What to do
Reproduce exactly the run of lines that begins with the one containing "Ebrar Silver Gümüş" and ends with the last line of the records, omitting pictures.

[Short descriptive text snippets]
======

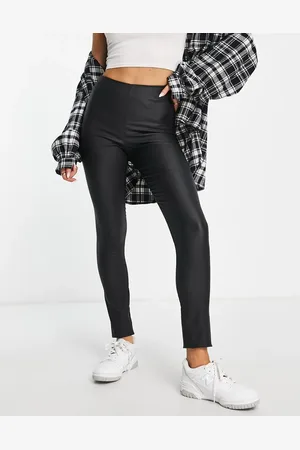 VILA Sorte leggings med belægning og lynlås bagpå
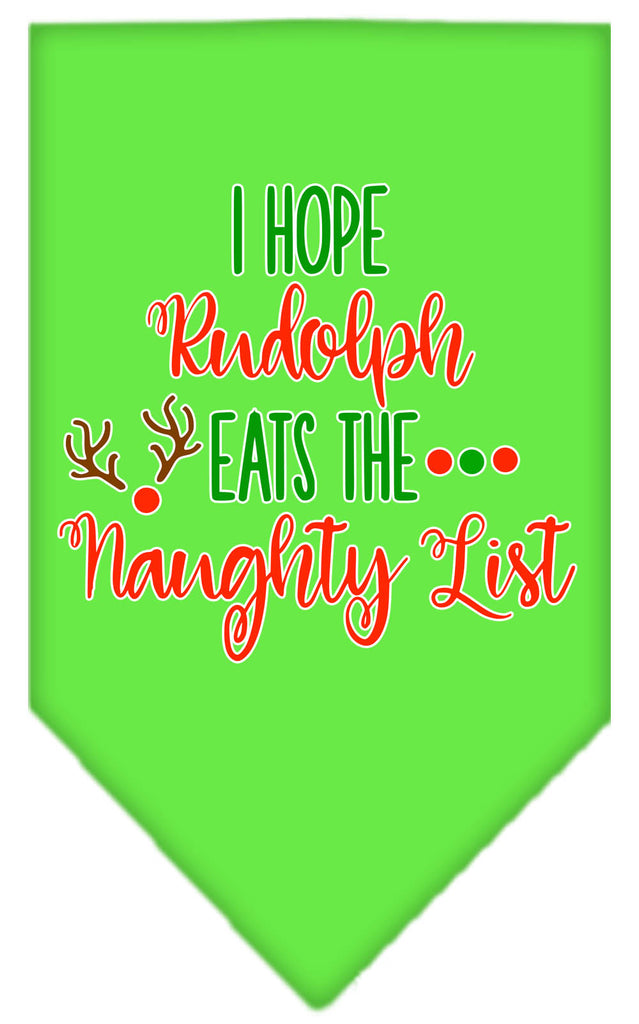 Hope Rudolph Eats Naughty List Screen Print Bandana Lime Green Large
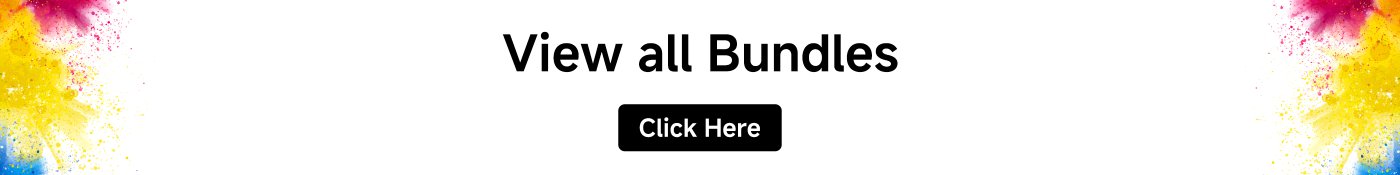 Text on the image promotes bundles with the phrases "View all Bundles" and "Click Here" in a bold font. The background features colorful splashes of pink, yellow, and blue.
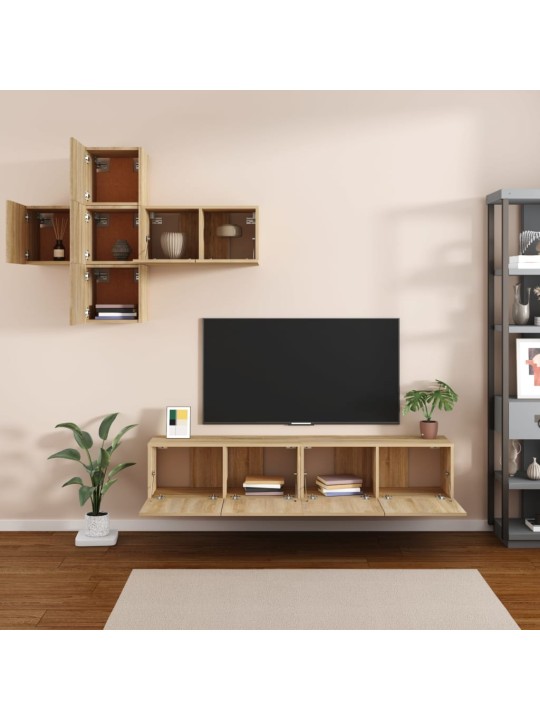 Televizoriaus spintelių komplektas, 7 dalių, ąžuolo, mediena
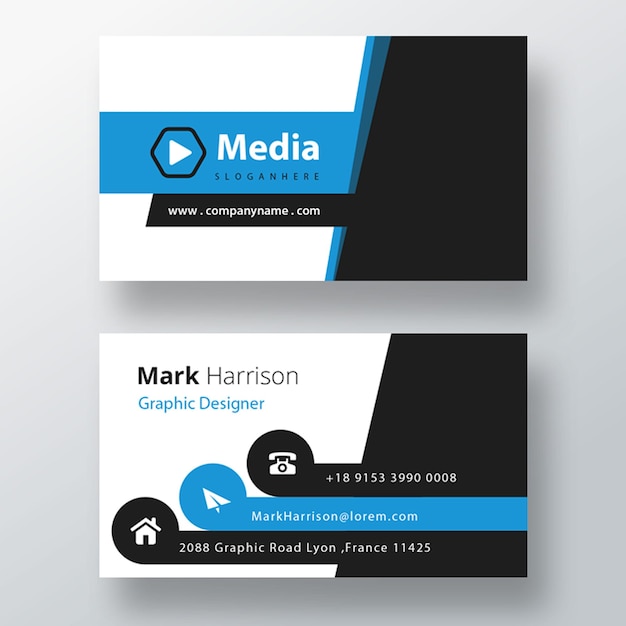 Abstract shape psd visiting card template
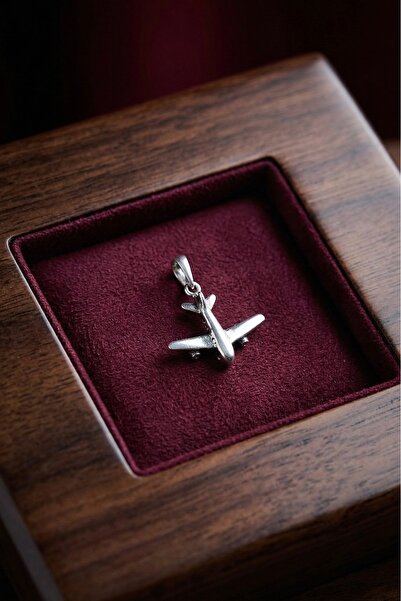 Ebrar Silver Gümüş Uçak Kolye Ucu 925 Ayar Gümüş MİNİ Uçak Figürlü Unisex Kol...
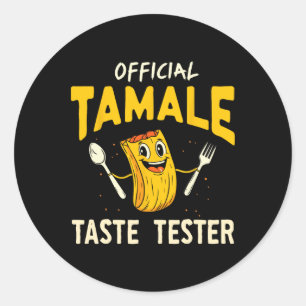 Adesivo Redondo Degustador de Tamale Engraçado Comida Mexicana Tam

======

Reply
 Ebrar Silver Gümüş Uçak Kolye Ucu 925 Ayar Gümüş MİNİ Uçak Figürlü Unisex Kol...
 Adesivo Redondo Degustador de Tamale Engraçado Comida Mexicana Tam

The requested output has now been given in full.